What is required. The records below hold a stretch from the line with "2012 Map of Devils Canyon, 2012 Print" through the line with "Item preview, West"; return exactly those lines, ends included, and nothing more.

Records to process.
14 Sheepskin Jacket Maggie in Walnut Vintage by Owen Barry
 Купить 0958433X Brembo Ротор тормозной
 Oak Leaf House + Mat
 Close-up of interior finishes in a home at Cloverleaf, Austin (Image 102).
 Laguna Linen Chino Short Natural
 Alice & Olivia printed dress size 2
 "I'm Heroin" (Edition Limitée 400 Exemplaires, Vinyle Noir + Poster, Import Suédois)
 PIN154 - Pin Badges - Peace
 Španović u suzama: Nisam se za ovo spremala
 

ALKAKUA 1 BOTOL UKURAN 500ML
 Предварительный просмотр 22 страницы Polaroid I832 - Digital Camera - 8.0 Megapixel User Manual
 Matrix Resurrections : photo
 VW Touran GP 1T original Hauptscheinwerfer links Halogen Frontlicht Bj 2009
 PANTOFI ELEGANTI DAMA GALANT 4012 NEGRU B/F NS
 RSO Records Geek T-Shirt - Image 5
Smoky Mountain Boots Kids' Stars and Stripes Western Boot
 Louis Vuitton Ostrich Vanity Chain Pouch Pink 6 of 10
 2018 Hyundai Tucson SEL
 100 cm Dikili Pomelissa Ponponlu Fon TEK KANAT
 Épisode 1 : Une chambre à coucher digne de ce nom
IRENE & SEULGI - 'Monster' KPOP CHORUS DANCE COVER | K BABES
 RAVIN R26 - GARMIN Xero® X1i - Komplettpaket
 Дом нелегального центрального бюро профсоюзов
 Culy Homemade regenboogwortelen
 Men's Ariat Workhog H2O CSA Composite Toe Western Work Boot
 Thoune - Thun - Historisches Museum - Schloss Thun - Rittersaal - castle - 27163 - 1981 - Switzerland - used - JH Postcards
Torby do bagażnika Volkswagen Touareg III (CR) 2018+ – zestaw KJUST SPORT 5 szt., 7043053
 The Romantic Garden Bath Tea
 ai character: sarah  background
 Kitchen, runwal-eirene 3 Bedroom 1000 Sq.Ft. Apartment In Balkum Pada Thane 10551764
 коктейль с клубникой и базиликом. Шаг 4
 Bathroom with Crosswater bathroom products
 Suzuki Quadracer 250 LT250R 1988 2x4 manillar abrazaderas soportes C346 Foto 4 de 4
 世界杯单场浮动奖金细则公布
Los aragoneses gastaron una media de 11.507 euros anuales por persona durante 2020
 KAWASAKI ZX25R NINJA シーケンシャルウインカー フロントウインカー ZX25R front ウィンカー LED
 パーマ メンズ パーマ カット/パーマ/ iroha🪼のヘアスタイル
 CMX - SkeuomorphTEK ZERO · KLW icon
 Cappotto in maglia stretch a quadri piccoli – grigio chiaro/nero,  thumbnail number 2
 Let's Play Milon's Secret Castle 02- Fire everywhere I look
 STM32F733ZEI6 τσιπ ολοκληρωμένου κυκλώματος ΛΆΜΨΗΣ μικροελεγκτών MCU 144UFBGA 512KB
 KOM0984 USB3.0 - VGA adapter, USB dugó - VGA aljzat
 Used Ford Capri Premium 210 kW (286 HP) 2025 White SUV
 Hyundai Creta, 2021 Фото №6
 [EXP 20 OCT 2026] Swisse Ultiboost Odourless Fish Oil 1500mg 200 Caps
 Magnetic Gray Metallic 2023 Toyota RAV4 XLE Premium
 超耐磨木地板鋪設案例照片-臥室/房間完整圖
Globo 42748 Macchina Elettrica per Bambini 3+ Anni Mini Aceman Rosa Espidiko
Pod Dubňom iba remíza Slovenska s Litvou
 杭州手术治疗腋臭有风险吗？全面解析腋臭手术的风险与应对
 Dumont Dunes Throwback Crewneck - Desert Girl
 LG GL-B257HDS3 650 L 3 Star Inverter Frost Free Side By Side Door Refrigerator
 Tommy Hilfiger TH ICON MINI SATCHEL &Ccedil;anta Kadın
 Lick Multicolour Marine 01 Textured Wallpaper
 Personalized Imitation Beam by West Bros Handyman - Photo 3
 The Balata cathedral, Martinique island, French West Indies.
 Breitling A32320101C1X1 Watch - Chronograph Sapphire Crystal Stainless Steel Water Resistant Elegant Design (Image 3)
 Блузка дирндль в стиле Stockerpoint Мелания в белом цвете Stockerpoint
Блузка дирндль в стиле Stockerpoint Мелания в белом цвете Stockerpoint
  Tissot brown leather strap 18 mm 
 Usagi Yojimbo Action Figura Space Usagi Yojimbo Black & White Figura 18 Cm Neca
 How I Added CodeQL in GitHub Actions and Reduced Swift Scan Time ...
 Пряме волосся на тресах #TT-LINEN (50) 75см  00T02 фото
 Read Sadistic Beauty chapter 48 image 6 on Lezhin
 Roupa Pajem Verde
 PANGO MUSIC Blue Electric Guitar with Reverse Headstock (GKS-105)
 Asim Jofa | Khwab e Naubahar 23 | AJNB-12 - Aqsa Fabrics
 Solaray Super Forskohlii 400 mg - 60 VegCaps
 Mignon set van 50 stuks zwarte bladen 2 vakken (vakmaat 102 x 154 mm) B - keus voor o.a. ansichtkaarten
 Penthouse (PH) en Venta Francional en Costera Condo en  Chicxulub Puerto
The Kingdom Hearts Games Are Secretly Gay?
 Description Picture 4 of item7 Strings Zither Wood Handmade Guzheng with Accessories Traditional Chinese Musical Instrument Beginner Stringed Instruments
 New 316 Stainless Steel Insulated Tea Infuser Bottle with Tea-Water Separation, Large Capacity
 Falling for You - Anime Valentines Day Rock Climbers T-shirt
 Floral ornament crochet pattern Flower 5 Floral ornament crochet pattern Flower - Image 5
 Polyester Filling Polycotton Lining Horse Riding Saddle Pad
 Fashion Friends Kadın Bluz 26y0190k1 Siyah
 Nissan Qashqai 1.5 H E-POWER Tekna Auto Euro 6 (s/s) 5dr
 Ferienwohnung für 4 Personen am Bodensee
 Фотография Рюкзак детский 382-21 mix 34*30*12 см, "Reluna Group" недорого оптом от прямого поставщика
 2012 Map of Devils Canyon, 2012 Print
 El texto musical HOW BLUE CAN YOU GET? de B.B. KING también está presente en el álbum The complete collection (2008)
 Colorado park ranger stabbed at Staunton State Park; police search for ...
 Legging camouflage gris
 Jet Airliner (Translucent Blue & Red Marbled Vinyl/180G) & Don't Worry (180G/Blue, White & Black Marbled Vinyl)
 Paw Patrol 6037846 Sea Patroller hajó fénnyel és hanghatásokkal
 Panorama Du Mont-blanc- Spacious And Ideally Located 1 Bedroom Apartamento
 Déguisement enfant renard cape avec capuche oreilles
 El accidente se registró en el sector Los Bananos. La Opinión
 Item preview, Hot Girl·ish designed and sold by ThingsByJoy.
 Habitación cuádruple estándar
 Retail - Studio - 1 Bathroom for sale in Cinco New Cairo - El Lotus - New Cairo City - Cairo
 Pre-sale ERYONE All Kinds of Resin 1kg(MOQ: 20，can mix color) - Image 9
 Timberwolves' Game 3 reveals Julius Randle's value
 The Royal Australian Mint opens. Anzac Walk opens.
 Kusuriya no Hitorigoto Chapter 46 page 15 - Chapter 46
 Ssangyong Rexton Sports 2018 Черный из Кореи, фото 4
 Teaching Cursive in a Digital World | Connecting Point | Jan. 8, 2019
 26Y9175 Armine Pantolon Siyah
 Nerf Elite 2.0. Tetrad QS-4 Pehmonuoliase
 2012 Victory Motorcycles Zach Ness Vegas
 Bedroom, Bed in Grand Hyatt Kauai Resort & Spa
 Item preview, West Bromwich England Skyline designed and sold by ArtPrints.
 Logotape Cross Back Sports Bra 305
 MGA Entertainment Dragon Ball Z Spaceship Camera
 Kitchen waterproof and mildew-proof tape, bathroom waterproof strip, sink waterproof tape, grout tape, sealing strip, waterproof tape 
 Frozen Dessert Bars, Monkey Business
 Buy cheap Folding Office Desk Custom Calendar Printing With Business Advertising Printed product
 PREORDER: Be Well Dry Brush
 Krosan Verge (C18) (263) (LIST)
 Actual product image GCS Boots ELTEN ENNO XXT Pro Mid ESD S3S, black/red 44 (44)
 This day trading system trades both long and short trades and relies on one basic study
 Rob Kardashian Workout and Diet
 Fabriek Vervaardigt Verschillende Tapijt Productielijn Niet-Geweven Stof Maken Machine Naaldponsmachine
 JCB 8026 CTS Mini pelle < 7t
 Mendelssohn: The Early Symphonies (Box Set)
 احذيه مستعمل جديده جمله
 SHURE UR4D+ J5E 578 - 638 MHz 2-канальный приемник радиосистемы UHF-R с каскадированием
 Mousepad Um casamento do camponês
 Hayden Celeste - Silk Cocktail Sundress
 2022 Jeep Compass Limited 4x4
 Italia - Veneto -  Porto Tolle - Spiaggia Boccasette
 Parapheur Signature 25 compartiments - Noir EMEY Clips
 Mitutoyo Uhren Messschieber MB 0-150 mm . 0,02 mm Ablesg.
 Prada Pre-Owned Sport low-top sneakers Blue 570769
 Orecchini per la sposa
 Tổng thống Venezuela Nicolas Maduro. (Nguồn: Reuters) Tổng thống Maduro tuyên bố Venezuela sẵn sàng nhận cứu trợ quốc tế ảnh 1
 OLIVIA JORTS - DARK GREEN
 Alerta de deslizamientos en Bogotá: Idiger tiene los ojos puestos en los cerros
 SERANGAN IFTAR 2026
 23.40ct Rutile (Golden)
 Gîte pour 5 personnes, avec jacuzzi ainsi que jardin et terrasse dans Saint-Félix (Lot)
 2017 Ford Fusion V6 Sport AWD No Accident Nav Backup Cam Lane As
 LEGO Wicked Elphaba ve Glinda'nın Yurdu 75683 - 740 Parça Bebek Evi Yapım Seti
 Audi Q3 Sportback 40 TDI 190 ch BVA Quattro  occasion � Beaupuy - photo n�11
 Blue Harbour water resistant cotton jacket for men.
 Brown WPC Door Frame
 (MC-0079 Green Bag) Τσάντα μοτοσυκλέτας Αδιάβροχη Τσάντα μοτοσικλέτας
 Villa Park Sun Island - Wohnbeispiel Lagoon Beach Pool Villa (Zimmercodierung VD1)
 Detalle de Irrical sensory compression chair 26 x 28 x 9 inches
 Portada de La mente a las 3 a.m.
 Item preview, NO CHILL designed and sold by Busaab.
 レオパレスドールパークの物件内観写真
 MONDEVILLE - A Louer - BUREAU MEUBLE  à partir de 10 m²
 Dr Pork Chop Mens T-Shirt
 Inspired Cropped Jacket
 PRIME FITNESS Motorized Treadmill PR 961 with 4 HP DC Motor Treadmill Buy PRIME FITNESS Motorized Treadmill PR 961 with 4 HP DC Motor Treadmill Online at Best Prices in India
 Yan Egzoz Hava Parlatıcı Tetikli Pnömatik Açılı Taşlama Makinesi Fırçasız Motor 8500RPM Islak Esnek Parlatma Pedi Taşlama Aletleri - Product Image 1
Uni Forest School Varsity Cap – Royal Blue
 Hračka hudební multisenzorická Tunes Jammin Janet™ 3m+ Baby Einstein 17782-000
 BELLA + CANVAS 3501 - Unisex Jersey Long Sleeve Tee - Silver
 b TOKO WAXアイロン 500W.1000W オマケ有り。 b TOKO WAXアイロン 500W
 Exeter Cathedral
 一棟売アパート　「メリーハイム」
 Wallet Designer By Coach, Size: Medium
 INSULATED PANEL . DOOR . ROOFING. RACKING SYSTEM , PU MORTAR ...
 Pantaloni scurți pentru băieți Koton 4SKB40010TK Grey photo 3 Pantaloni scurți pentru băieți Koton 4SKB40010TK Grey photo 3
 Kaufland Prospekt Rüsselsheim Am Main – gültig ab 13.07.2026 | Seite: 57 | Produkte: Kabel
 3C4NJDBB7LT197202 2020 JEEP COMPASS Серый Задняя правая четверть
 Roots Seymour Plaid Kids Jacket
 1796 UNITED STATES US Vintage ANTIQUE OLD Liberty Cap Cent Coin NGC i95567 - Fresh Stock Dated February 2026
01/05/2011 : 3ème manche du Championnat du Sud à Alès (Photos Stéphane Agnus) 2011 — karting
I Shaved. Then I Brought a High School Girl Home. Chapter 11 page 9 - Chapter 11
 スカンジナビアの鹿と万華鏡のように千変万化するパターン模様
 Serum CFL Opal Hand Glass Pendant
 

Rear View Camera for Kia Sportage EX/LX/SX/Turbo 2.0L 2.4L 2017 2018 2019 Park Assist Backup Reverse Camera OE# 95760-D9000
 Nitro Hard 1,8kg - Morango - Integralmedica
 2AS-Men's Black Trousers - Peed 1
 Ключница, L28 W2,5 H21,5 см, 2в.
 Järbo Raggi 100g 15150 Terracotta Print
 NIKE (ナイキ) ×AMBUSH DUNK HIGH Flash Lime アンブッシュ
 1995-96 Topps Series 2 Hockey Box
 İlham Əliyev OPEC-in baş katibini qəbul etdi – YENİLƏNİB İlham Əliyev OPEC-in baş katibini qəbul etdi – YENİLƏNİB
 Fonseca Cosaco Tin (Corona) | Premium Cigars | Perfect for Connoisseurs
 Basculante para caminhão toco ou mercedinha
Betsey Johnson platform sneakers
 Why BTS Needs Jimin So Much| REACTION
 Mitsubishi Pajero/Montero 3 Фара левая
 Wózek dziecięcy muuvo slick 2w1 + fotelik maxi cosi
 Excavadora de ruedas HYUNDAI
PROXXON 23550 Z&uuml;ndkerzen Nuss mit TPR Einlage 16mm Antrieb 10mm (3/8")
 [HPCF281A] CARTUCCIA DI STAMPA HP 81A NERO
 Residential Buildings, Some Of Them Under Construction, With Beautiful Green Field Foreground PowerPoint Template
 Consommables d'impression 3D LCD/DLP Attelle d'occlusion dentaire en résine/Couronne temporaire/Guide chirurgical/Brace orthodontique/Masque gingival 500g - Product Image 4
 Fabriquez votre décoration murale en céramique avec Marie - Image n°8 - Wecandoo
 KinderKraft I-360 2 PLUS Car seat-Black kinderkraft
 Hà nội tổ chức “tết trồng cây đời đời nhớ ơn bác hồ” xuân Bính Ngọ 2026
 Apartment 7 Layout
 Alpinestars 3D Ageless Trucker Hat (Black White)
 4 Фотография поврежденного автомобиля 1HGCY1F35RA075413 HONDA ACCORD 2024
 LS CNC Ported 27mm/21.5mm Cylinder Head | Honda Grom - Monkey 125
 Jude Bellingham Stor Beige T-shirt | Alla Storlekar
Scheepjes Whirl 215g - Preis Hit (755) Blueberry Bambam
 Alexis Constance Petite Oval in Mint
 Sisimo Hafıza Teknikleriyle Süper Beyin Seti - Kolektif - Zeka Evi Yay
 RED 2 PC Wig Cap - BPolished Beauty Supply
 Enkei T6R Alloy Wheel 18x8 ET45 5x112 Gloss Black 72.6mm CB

Answer to this task.
 2012 Map of Devils Canyon, 2012 Print
 El texto musical HOW BLUE CAN YOU GET? de B.B. KING también está presente en el álbum The complete collection (2008)
 Colorado park ranger stabbed at Staunton State Park; police search for ...
 Legging camouflage gris
 Jet Airliner (Translucent Blue & Red Marbled Vinyl/180G) & Don't Worry (180G/Blue, White & Black Marbled Vinyl)
 Paw Patrol 6037846 Sea Patroller hajó fénnyel és hanghatásokkal
 Panorama Du Mont-blanc- Spacious And Ideally Located 1 Bedroom Apartamento
 Déguisement enfant renard cape avec capuche oreilles
 El accidente se registró en el sector Los Bananos. La Opinión
 Item preview, Hot Girl·ish designed and sold by ThingsByJoy.
 Habitación cuádruple estándar
 Retail - Studio - 1 Bathroom for sale in Cinco New Cairo - El Lotus - New Cairo City - Cairo
 Pre-sale ERYONE All Kinds of Resin 1kg(MOQ: 20，can mix color) - Image 9
 Timberwolves' Game 3 reveals Julius Randle's value
 The Royal Australian Mint opens. Anzac Walk opens.
 Kusuriya no Hitorigoto Chapter 46 page 15 - Chapter 46
 Ssangyong Rexton Sports 2018 Черный из Кореи, фото 4
 Teaching Cursive in a Digital World | Connecting Point | Jan. 8, 2019
 26Y9175 Armine Pantolon Siyah
 Nerf Elite 2.0. Tetrad QS-4 Pehmonuoliase
 2012 Victory Motorcycles Zach Ness Vegas
 Bedroom, Bed in Grand Hyatt Kauai Resort & Spa
 Item preview, West Bromwich England Skyline designed and sold by ArtPrints.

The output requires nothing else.